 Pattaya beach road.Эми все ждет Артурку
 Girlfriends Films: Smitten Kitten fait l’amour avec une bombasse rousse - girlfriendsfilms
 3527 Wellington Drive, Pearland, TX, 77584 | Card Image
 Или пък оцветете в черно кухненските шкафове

☆ ☆ ☆ ☆

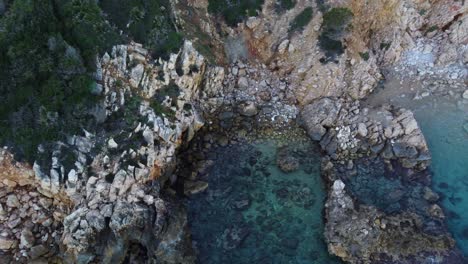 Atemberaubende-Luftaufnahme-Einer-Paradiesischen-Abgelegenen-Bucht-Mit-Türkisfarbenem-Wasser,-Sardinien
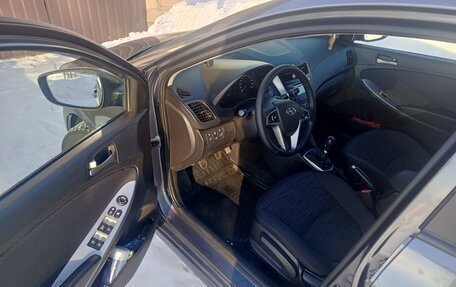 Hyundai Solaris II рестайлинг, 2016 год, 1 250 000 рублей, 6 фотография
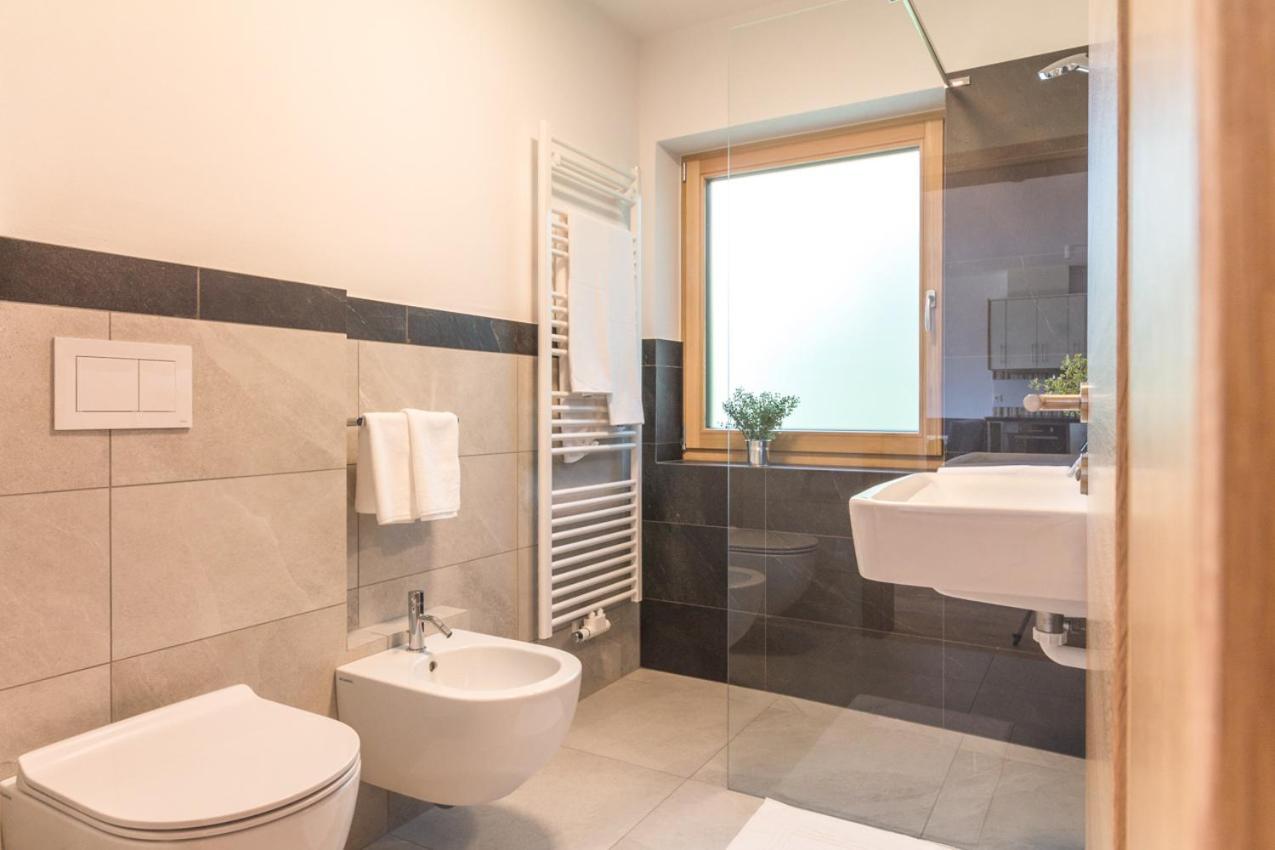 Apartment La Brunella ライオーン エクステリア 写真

☆ ☆ ☆ ☆

### PROBLEM TO WORK ON:
An exact copy of the lines above, from the one containing "Pattaya beach road.Эми все ждет Артурку" down to the one containing "Или пък оцветете в черно кухненските шкафове" and including both, is the whole answer; retype it and nothing else.

### YOUR RESPONSE:
 Pattaya beach road.Эми все ждет Артурку
 Girlfriends Films: Smitten Kitten fait l’amour avec une bombasse rousse - girlfriendsfilms
 3527 Wellington Drive, Pearland, TX, 77584 | Card Image
 Или пък оцветете в черно кухненските шкафове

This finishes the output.